If that really is the goal then why did you put the irrelevant pre-amp/amp, DAC and streamer restrictions on there? That's not a system you're building then, its a component shopping list.
If you really do want "to optimize realism and expanded soundstage" then here's how you do it. Nothing is any more important than anything else. So you allocate equal amounts to everything. Only you have to do it right, by general function not a shopping list. The whole point of the budget is to help you come up with the shopping list. Don't put the cart before the horse.
So what do you need?
Source, amp, speakers, wire. Four things. 25% or $5k each.
Now if you want a preamp and amp go for it. If you want a DAC and streamer go for it. Just know you have $5k total - and that the extra interconnect and power cord have to either come out of that budget or reduce the amount you have to spend on the others. Because your entire wire budget is the same $5k and that has to cover speaker cables, interconnects, and power cords for the whole system. Conditioner too, if you decide one makes sense.

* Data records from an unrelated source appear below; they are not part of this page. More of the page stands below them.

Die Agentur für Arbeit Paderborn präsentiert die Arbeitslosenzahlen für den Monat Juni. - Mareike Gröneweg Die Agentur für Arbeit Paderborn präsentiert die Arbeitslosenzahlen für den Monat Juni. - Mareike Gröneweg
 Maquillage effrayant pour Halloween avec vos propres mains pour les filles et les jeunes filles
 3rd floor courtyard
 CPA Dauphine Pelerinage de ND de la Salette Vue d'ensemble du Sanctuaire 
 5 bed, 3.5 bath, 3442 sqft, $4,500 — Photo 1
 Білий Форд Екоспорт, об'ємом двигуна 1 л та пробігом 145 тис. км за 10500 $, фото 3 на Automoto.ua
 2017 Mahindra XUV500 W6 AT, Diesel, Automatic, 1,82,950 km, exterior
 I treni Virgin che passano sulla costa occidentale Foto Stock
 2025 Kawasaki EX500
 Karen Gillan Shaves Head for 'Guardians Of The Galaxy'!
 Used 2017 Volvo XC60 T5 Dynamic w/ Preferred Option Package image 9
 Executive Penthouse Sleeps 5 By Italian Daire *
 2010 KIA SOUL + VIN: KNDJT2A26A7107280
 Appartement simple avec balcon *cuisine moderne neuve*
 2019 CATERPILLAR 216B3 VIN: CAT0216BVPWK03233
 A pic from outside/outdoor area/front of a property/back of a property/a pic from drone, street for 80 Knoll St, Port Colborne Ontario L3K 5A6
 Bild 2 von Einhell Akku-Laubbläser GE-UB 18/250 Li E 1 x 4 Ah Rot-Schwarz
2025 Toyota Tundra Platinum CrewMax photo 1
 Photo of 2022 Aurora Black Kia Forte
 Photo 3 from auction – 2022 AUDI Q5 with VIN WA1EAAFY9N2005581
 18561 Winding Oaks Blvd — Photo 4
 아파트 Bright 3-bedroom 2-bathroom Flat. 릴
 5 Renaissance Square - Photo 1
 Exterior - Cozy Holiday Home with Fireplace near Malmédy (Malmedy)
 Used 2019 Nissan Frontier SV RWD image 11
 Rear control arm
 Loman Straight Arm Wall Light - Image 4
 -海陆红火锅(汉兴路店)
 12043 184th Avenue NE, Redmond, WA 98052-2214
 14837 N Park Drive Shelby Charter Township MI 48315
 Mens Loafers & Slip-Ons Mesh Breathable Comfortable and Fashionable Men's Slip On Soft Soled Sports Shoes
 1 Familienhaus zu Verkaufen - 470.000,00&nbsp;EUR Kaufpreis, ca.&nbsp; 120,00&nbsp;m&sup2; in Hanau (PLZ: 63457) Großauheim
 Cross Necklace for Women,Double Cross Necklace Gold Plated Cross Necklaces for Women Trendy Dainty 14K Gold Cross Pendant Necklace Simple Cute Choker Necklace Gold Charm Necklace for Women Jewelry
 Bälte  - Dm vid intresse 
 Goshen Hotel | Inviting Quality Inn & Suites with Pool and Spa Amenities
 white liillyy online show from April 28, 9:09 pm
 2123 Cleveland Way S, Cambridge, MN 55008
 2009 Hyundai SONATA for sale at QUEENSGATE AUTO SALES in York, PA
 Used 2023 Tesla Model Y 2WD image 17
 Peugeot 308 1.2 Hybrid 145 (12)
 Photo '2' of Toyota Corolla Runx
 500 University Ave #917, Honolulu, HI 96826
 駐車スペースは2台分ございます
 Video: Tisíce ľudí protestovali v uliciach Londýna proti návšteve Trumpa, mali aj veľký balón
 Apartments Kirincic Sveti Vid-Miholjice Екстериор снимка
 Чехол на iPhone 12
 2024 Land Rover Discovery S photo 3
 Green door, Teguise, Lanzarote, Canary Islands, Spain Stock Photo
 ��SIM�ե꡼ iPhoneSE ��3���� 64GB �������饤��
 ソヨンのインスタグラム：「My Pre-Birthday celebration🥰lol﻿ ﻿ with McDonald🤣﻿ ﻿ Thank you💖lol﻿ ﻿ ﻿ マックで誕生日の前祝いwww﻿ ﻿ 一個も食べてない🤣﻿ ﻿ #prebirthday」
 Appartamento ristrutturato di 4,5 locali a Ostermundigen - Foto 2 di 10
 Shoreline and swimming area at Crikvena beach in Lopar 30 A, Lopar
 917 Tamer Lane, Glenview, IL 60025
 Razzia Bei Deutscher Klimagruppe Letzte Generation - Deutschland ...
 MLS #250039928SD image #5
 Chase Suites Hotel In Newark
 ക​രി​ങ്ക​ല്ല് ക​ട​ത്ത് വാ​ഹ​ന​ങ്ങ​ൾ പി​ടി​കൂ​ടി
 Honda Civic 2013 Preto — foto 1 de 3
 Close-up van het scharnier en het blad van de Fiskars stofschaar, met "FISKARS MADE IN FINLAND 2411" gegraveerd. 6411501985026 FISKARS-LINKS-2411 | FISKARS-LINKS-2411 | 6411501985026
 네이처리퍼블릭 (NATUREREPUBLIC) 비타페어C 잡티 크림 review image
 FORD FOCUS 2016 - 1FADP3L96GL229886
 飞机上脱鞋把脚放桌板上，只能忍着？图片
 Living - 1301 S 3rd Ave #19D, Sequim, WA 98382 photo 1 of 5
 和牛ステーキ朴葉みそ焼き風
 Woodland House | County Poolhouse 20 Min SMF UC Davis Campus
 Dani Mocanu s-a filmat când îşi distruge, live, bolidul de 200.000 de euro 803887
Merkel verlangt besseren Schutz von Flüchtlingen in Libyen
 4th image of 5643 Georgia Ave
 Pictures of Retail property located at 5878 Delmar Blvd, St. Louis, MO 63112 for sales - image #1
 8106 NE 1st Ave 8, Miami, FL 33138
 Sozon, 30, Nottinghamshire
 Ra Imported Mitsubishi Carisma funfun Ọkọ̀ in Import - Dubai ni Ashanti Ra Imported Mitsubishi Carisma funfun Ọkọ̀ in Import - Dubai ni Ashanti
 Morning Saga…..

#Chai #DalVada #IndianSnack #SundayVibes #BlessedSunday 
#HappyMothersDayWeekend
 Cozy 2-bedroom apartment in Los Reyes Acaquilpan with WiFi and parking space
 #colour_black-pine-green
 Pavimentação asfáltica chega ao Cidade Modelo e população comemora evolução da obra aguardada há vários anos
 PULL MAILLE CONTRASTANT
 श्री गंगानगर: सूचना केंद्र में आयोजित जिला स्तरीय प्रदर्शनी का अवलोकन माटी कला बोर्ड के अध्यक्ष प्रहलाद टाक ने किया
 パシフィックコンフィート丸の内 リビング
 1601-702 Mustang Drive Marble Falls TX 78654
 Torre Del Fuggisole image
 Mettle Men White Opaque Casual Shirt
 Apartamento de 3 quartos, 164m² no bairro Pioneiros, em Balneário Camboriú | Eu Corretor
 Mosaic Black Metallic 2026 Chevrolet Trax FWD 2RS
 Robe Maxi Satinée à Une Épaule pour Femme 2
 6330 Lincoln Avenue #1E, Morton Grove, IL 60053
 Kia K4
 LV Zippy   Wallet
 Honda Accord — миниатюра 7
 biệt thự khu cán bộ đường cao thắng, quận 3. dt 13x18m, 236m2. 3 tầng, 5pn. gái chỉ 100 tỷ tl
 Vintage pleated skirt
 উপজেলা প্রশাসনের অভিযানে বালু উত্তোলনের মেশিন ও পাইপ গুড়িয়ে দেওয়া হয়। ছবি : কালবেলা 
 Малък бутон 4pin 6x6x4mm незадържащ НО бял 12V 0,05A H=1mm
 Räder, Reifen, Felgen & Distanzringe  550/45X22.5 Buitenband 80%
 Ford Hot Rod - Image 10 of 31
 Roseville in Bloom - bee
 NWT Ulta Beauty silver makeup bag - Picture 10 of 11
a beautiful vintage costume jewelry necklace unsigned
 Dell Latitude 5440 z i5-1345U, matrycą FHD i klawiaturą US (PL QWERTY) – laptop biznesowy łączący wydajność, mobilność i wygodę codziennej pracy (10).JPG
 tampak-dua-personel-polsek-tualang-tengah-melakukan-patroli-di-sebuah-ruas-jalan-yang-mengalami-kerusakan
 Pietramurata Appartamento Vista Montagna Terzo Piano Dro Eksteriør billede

Oh and by the way, if you wise up and realize you want a turntable that's a source. Arm and cartridge, source. The phono stage is an amp. The power cord(s) and interconnect(s) are wire. Keep your budget straight.
One more thing. This is just the simplest most dumbed down version of how to do it. The more sophisticated approach is to realize there's a whole lot more contributing to "realism and expanded sound stage" than those major components. There's also room treatments and tweaks. $20k is well into the range you could easily throw all those in there. This would shift the budget around to five categories, Source, Speakers, Amps, Wire, Tweaks. $4k each.
While staying within budget, I mean. Which was the whole idea. "How to divide up" thats a budget. Right?